Anonymous, French, 19th century French
After Gustave Baugrand French

Not on view

Drawing with a design for a brooch and three bracelets, after a set designed by French Imperial Jeweler Beaugrand, titled "The Imperial Eagle", for Empress Eugenie between 1850 and 1870, part of an album of drawings by various artists for individual pieces of jewelry, containing a variety of designs in the Art Nouveau style of the late nineteenth and early twentieth century, as well as some pieces in historic period styles. The design for a brooch consists of a large, black bird with open wings, standing on a thin, U-shaped garland with stylized leaves with a ribbon bow with a green, round stone in the center, between the feet of the bird, from which hangs a thin strip with a round, pink stone, and a scrolling motif with a fleur-de-lis, with three hanging teardrop-shaped stones: a larger, green one in the center, and two smaller, yellow stones on the sides. The drawing is executed with black pen and watercolor, green and pink watercolor, and white gouache.
The first design for a bracelet consists of the same black, open-winged bird motif seen in the brooch, standing on an undulating garland with stylized flowers and round pearls, and with a ribbon bow under the bird's feet, inside two green strips that frame the body of the bracelet.
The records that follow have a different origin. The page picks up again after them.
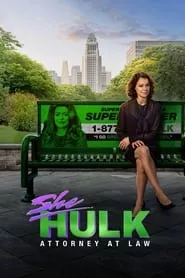 She-Hulk: Attorney at Law (2022)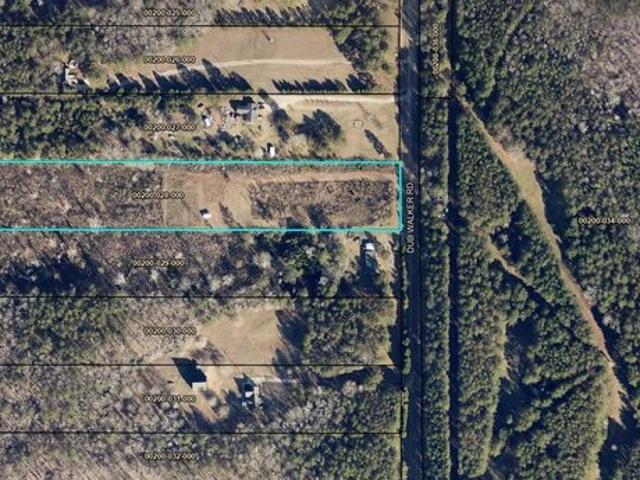 Land for sale in Jackson, Georgia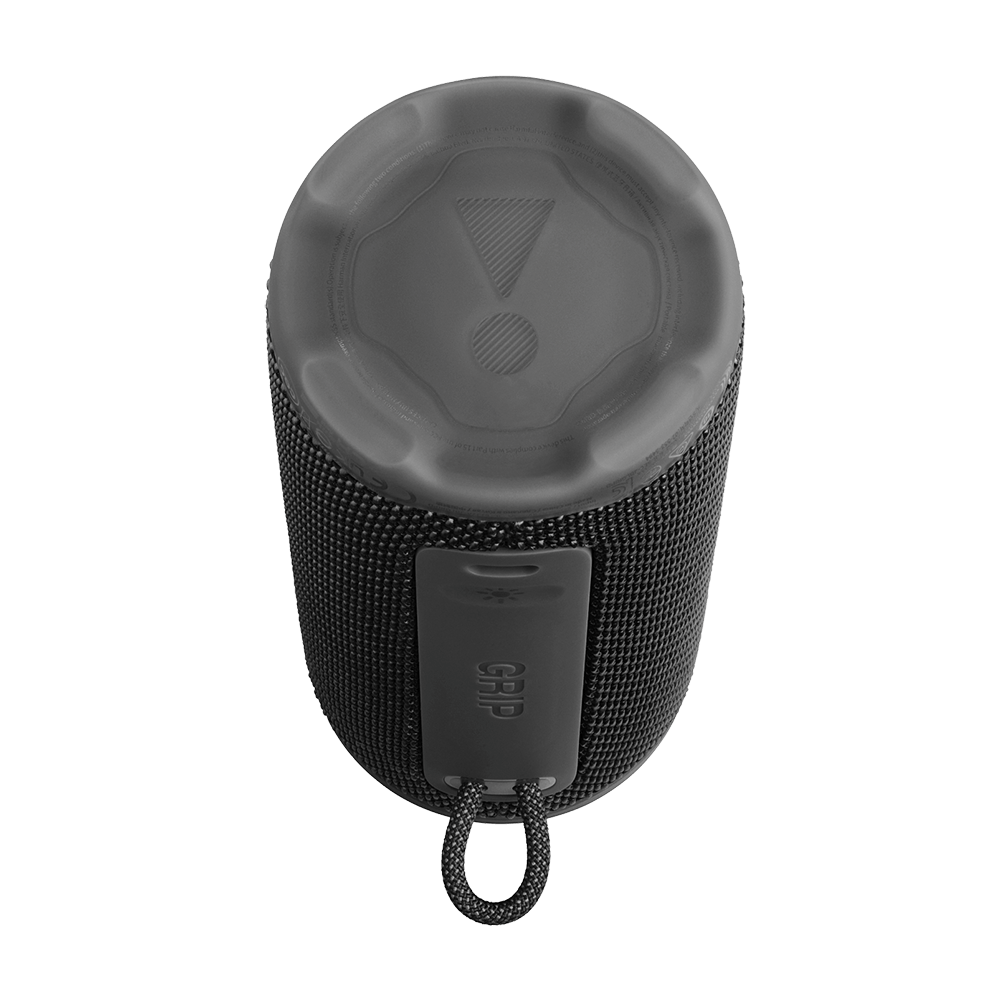 JBL Grip Compact Bluetooth Speaker Product Image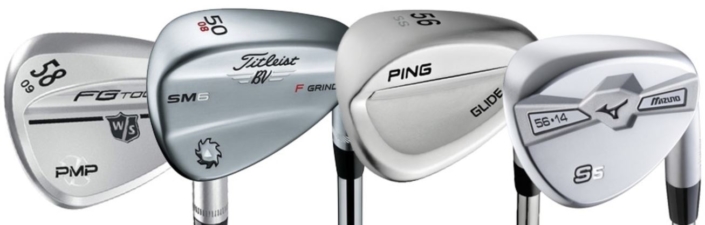 The Ultimate Pitching Wedge Guide - Everything You Need To Know - The ...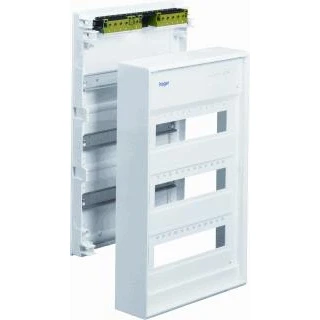 Afbeelding van Hager Volta VA36CN opbouw verdeler36 modulen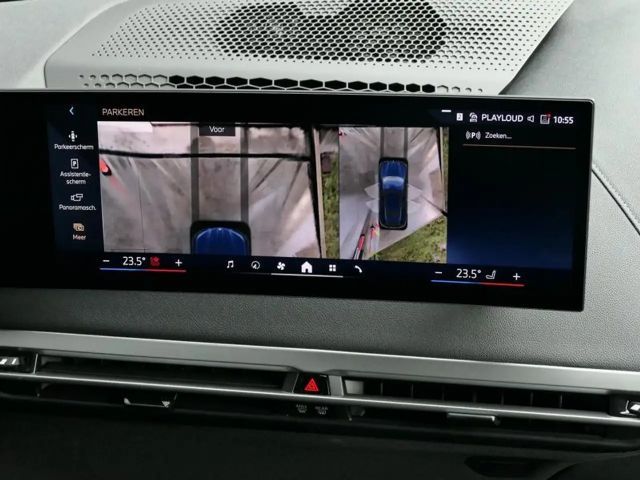 BMW iX Drive pro xDrive40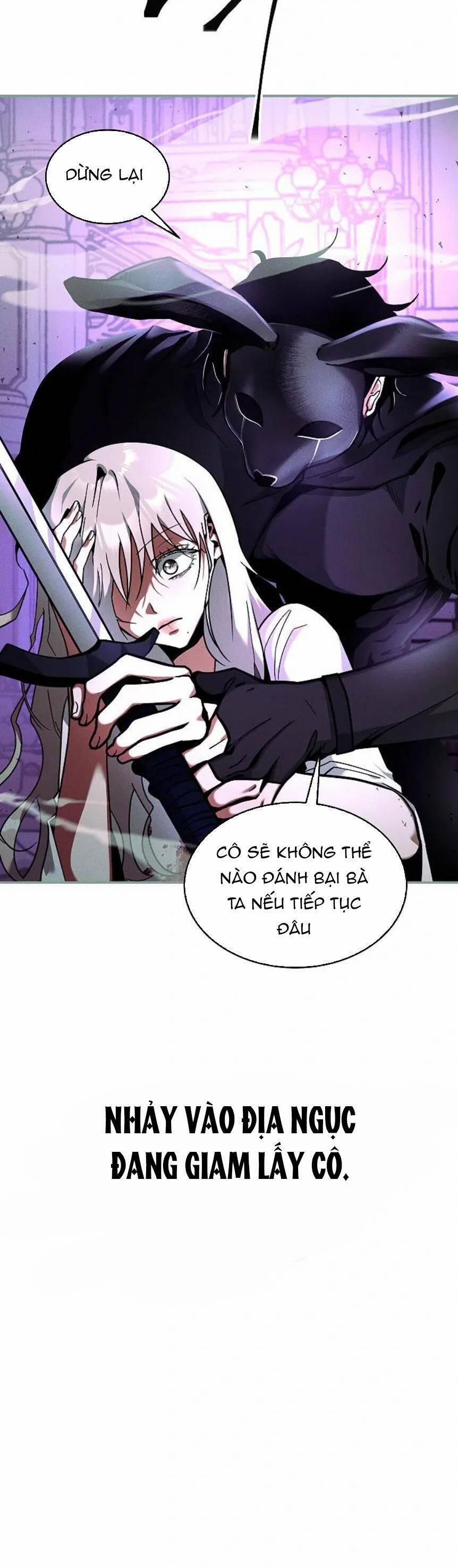 Săn Lùng Nữ Chúa 45 trang 44
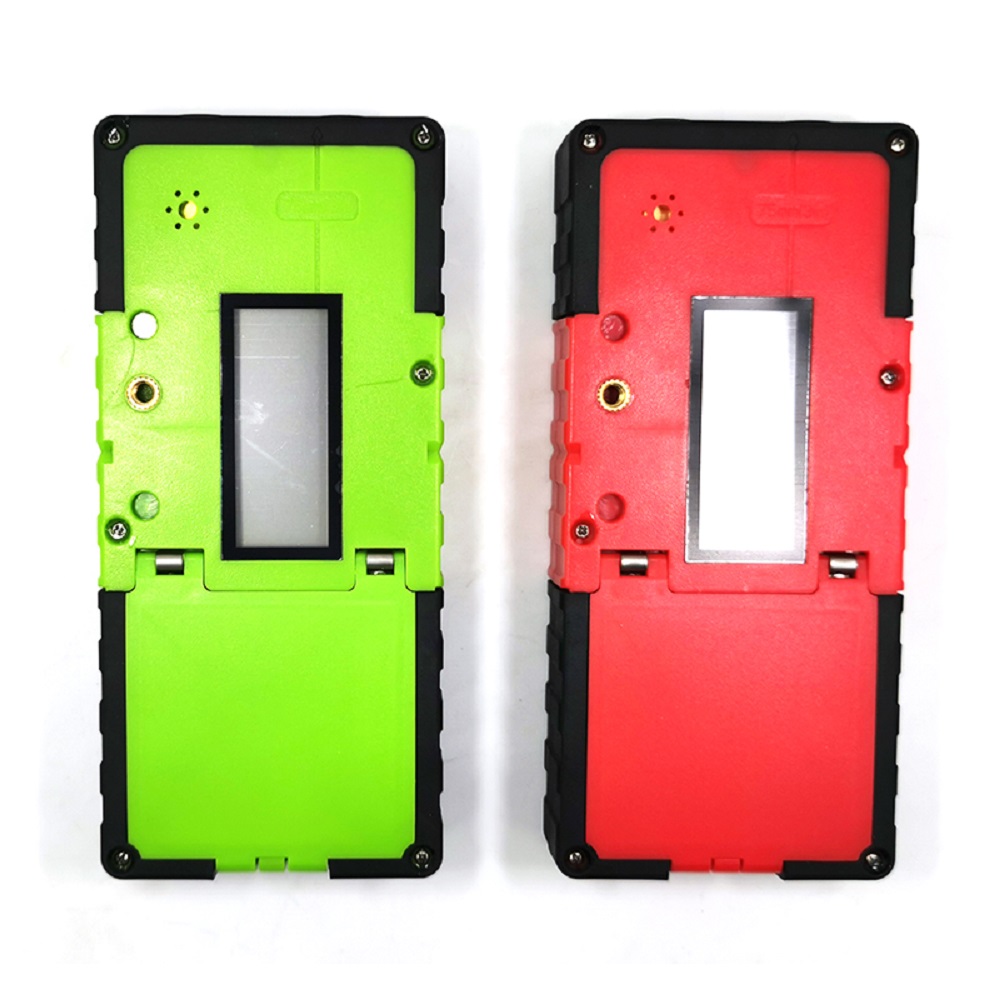 Récepteur numérique JP1700 de  - Laser Level With Receiver Detector avis et prix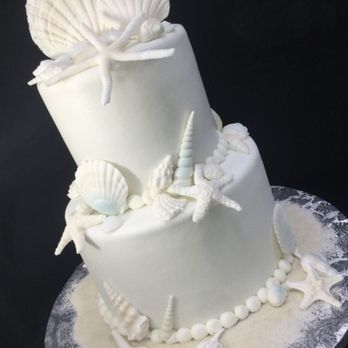 Sweet Reba's - The exact cake I asked for. - Bakeries Near Me - Carmel, California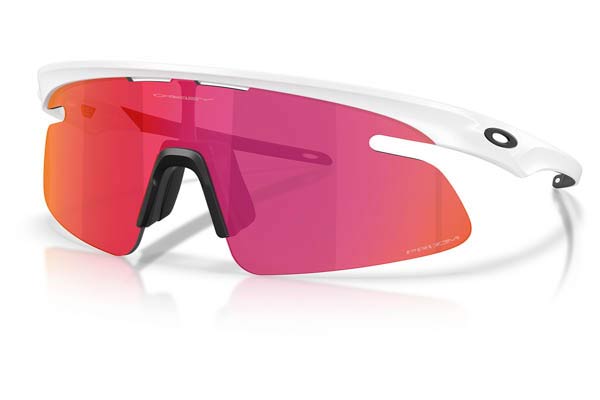 OAKLEY 9527D RSLV LITE Occhiali da Sole 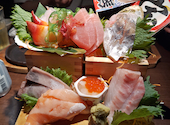 小田原鮮魚と炭焼牛たん かっこ八王子店: くにこさんの2026年05月04日の1枚目の投稿写真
The drawing is executed with black pen and watercolor, green watercolor, and white gouache. It is likely that this bracelet was intended to be worn as part of a set with the brooch. The second design for a bracelet is executed only with black pen, and might have been drawn after the first bracelet. The third bracelet is a quick sketch in pencil of a similar bracelet, also possibly drawn after the first. These two might have been created by a young designer or a learning artist.
These designs are all of the style of the French School of the 19th century, which featured naturalistic motifs decorated with recognisable fruits, and animals, and complex compositions of flowers and foliage. The designs often included diamonds and precious stones, as well as colored glass and other semi-precious stones. The inscription in pencil in the sheet suggests that these jewels were created by Gustave Baugrand for Empress Eugenie (probably ca. 1955-1970). This style later inspired some designs of the Art Deco period, recreating the "garland style" of earlier jewelry designs from the 18th and 19th century.